“Any questions?” Ivers asked.
Gibbons waited for young Kinney to ask something bright to show the boss he was on top of things. But he didn’t say a word. Gibbons was impressed.
“Are we through?” Gibbons asked testily.
“Bert, we won’t be through until we’ve caught Tozzi.” Ivers was such a clever bastard.
“Well then, I’ve got business to attend to,” Gibbons said, getting up. “I’ll talk to you later, Bill.” He abruptly headed for the door.
“Results, Bert,” the SAC called after him. “Keep that in mind.”
Gibbons shut the door behind him, thinking only about finding some Preparation H.

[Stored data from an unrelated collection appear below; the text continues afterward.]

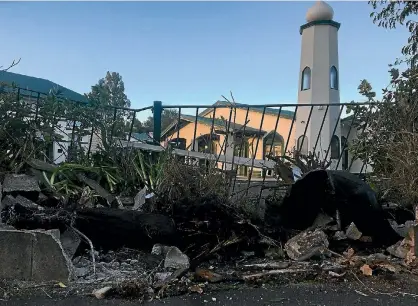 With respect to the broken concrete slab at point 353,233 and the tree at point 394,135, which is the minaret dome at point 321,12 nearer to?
the tree at point 394,135

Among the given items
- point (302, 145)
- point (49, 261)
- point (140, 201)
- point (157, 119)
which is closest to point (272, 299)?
point (49, 261)

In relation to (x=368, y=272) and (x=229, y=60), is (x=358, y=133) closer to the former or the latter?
(x=368, y=272)

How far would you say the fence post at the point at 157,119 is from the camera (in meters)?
3.79

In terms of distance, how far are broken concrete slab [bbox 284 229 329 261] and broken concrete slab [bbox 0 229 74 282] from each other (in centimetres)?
130

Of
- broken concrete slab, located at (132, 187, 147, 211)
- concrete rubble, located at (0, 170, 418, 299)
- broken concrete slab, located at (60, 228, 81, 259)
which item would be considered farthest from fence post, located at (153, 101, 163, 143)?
broken concrete slab, located at (60, 228, 81, 259)

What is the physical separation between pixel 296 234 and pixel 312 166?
0.73 metres

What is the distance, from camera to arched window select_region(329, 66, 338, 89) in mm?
18250

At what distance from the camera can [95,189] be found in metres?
3.04

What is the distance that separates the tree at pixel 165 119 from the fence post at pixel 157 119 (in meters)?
→ 0.04

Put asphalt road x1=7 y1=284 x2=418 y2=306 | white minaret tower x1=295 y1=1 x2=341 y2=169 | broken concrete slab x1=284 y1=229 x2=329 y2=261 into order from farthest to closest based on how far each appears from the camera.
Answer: white minaret tower x1=295 y1=1 x2=341 y2=169 < broken concrete slab x1=284 y1=229 x2=329 y2=261 < asphalt road x1=7 y1=284 x2=418 y2=306

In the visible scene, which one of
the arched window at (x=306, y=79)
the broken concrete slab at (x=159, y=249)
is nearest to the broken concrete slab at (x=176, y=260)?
the broken concrete slab at (x=159, y=249)

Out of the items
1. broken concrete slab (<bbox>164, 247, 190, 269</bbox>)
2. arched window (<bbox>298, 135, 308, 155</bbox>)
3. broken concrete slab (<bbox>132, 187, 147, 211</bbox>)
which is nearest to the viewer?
broken concrete slab (<bbox>164, 247, 190, 269</bbox>)

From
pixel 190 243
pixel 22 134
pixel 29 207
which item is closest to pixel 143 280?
pixel 190 243

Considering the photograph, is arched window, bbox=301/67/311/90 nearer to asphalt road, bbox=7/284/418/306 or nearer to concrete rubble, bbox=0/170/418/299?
concrete rubble, bbox=0/170/418/299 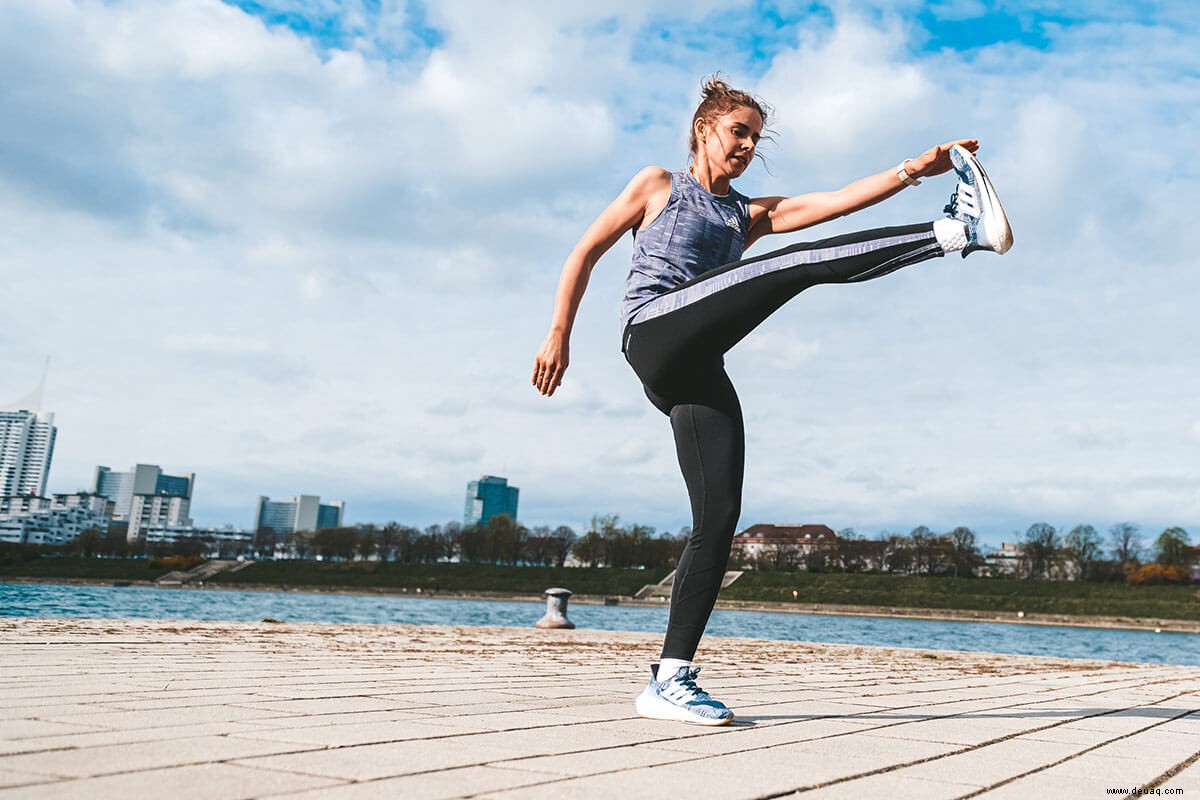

After he took care of his immediate problem, Gibbons went back to his desk, which was in the big room with all the other special agents’ desks. The desks here used to be arranged in lines and were usually empty because special agents spend most of their time out of the office. Since Gibbons’s retirement, though, the room had been remodeled with modular partitions that gave each desk its own private little cubbyhole. Gibbons didn’t like the arrangement. What did a guy need this kind of privacy for? To pick his nose? Call his mistress? If you needed this much privacy, you had no business doing it at the office. Anyway, with the old arrangement, you could always see at a glance who was in and who wasn’t. Now all you could hear was muffled, disembodied voices because you couldn’t see anyone over the tops of these things. It turned the room into a stupid rat maze and all for what? It was just another good reason for being pissed off at Ivers.
“Bert?”
Gibbons turned around. Bill Kinney was standing at the entrance to his cubbyhole.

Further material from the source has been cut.